EXERCISE INSTRUCTIONS:
Begin at the line that has "VEVOR - Máquina", stop after the line that has "a cardboard box", and print exactly those lines from the records below, without any pictures.

DATA:
******
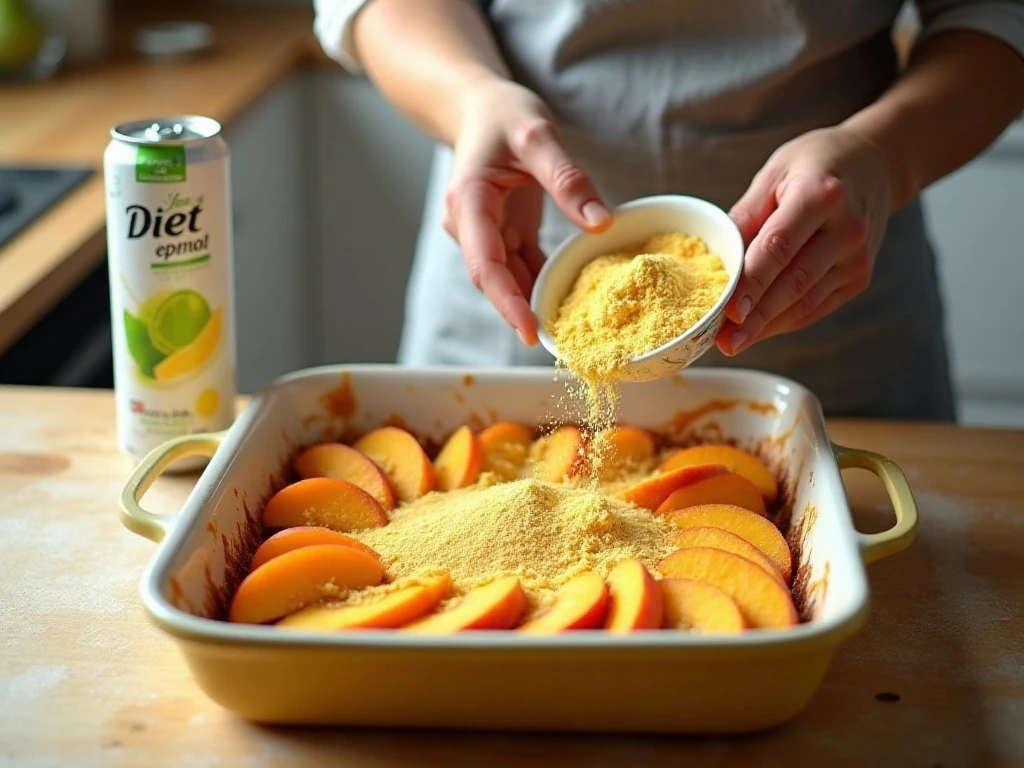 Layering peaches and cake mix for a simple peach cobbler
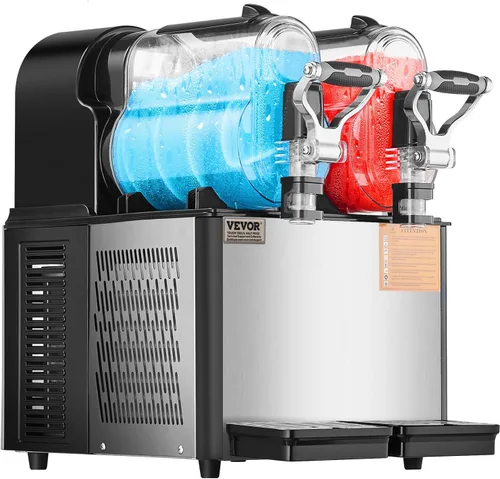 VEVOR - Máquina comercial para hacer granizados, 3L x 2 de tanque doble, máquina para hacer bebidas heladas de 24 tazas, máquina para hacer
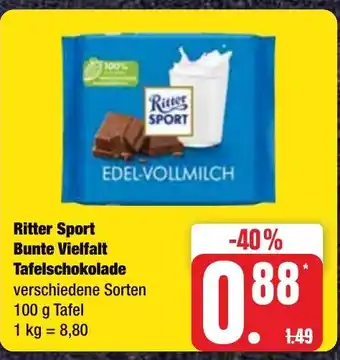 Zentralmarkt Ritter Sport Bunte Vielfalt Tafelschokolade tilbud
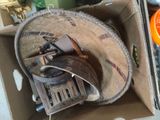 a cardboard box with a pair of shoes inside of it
******
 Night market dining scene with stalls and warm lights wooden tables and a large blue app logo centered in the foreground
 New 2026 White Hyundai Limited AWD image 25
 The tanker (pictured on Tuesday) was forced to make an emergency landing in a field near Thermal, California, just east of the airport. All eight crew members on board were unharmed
******
ANSWER TO THE EXERCISE:
 VEVOR - Máquina comercial para hacer granizados, 3L x 2 de tanque doble, máquina para hacer bebidas heladas de 24 tazas, máquina para hacer
 Zentralmarkt Ritter Sport Bunte Vielfalt Tafelschokolade tilbud
 a cardboard box with a pair of shoes inside of it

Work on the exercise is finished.